1. The name, taxpayer identification number, address of the undersigned, and the taxable year for which this election is being made are:
Taxpayer’s Name: _______________________________________________________
Taxpayer’s Social Security Number: ________________________________________
Address: _______________________________________________________________
Taxable Year: Calendar Year 2019
2. The property that is the subject of this election is _____________ unvested shares of common stock (the “Unvested Award”) of The Michaels Companies, Inc., a Delaware corporation (the “Company”), representing restricted shares of common stock of the Company (“Restricted Shares”).

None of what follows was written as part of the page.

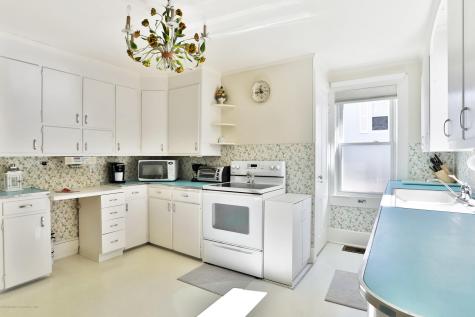 407 Jersey Avenue Spring Lake NJ 07762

3. The Unvested Award was transferred to the undersigned on __________.
4. The Unvested Award is subject to the following restrictions: (a) restrictions on vesting based on continued service or compliance with restrictive covenants through the applicable vesting date, (b) immediate forfeiture upon a termination of employment with the Company or an affiliate for cause or a breach of a restrictive covenant, and (c) restrictions should the undersigned wish to transfer the Unvested Award (in whole or in part).
5. The fair market value of the Unvested Award at the time of transfer (determined without regard to any restrictions other than a nonlapse restriction as defined in Section 1.83-3(h) of the Income Tax Regulations) is $____.
6. For the Unvested Award transferred, the undersigned paid $_____________.
7. The amount to include in gross income is $_____________.
The undersigned taxpayer will file this election with the Internal Revenue Service office with which taxpayer files his or her annual income tax return not later than 30 days after the date of transfer of the property. A copy of the election also will be furnished to the person for whom the services were performed. The undersigned is the person performing the services in connection with which the property was transferred.